Pero, tras este decadente devenir, el peronismo realmente existente empieza a evidenciar una nueva marca distintiva. Como todas las variables de dominación burguesa, el peronismo está hoy sujeto a la profunda crisis de credibilidad que se disemina en la mayoría de sectores poblacionales. La creciente desconfianza, el descreimiento y el rechazo a las instituciones del Estado, en general, moviliza y unifica distintas reivindicaciones del pueblo. Hay muestras hoy latentes en Latinoamérica (Chile y Colombia de nuevo son ejemplos) que vaticinan ese nuevo tipo de desafío para las desgastadas democracias formales que, tras más de 200 años de instauración no han hecho más que resguardar el sistema de desigualdad y exclusión. Y, en este escenario, el modelo de ambigüedad peronista no tiene nada que ofrecer. Su pragmatismo está dejando de ser suficiente para ocultar la falta de una ideología que proponga un horizonte verosímil hacia el cual dirigir al conjunto de la sociedad. El corte militarista que el peronismo de antaño confeccionó para la ideología nacional-popular, y el disfraz asistencialista que el séquito neoliberal y neodesarrollista del peronismo más reciente ha seguido malformando, no va a poder seguir aplazando la necesidad de construir, realmente desde abajo, un proyecto de futuro que no prometa alianzas imposibles, ni mistifique años dorados que ya pocos recuerdan.

Las luchas que están por venir van a expresar con claridad la necesidad de construir un proyecto político que, sin ambigüedades, articule discursos y medidas políticas con transformaciones estructurales que realmente combatan la sobreexplotación laboral, el hambre, el desempleo, la precariedad en la vivienda, el desastre ambiental y tantos otros aspectos propios del sistema capitalista.

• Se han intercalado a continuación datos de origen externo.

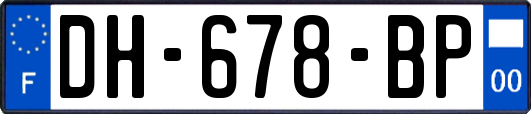 DH-678-BP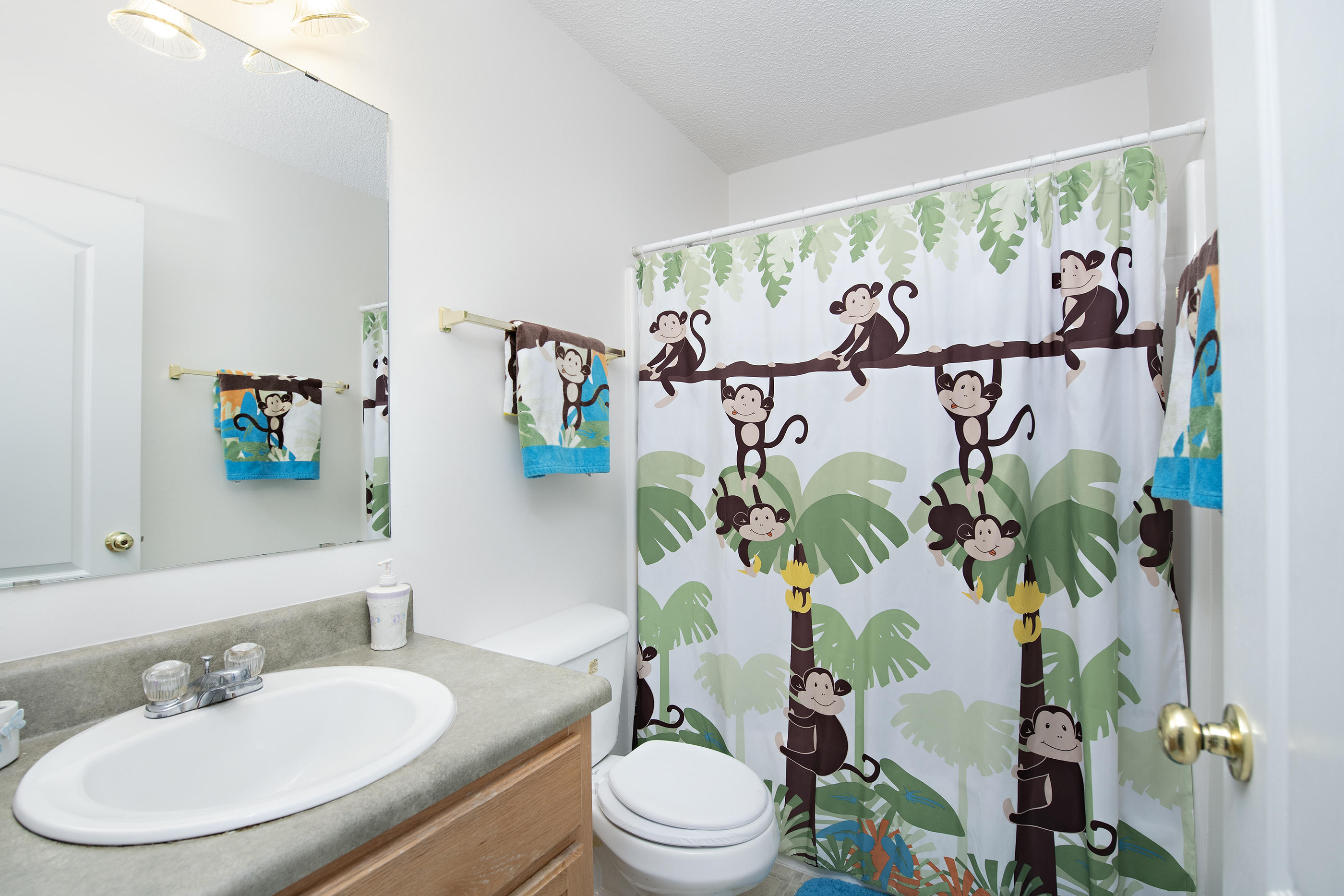 FOX VALLEY - Residential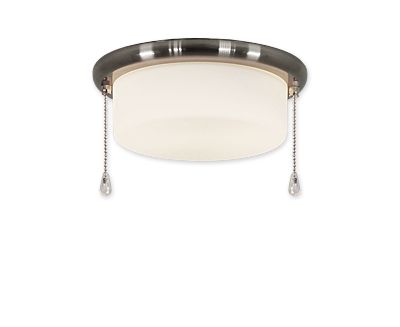CasafanLuminaire 15z BN
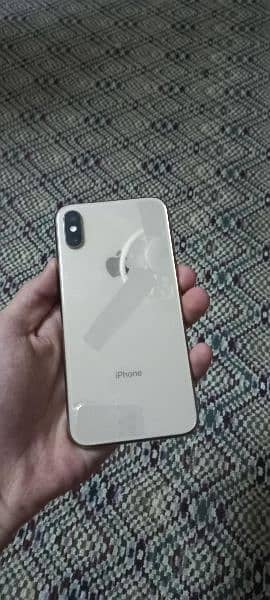 iphone xs 256gb 2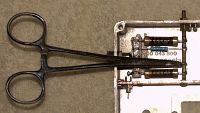 1278522582 543 FT90813 Voltage Divider Soldering Resistors Spencer Wells 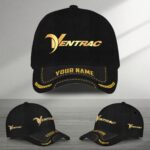 Ventrac Basecap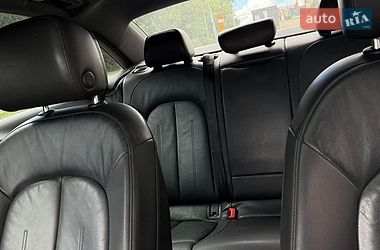 Седан Audi A6 2015 в Львові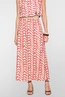 Geisha midi rok 66363-20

Para alcanzar esos cambios será necesario no solo transformar la institucionalidad sino reconstruir la democracia, generando la amplia y directa participación activa de las mayorías para el manejo de sus destinos. El empeño peronista en defender una institucionalidad decadente, y el discurso ambiguo para cooptar y «conducir» al pueblo serán inevitablemente trascendidos por esas prácticas de participación directa y transformación social.

Y en ese tiempo por venir podrá verificarse si el peronismo quedará remitido a los archivos y a los debates de los melancólicos o, por el contrario, tendrá vigencia futura como estandarte de prácticas e ideas que reivindiquen un tipo de sociedad en donde las mayorías vivan con dignidad y sin explotación. Si esto último ocurriese, el peronismo, finalmente, alcanzaría una ideología coherente y un sentido popular sin atajos ni ambigüedades; aunque con ello, en consecuencia, dejaría de ser peronismo.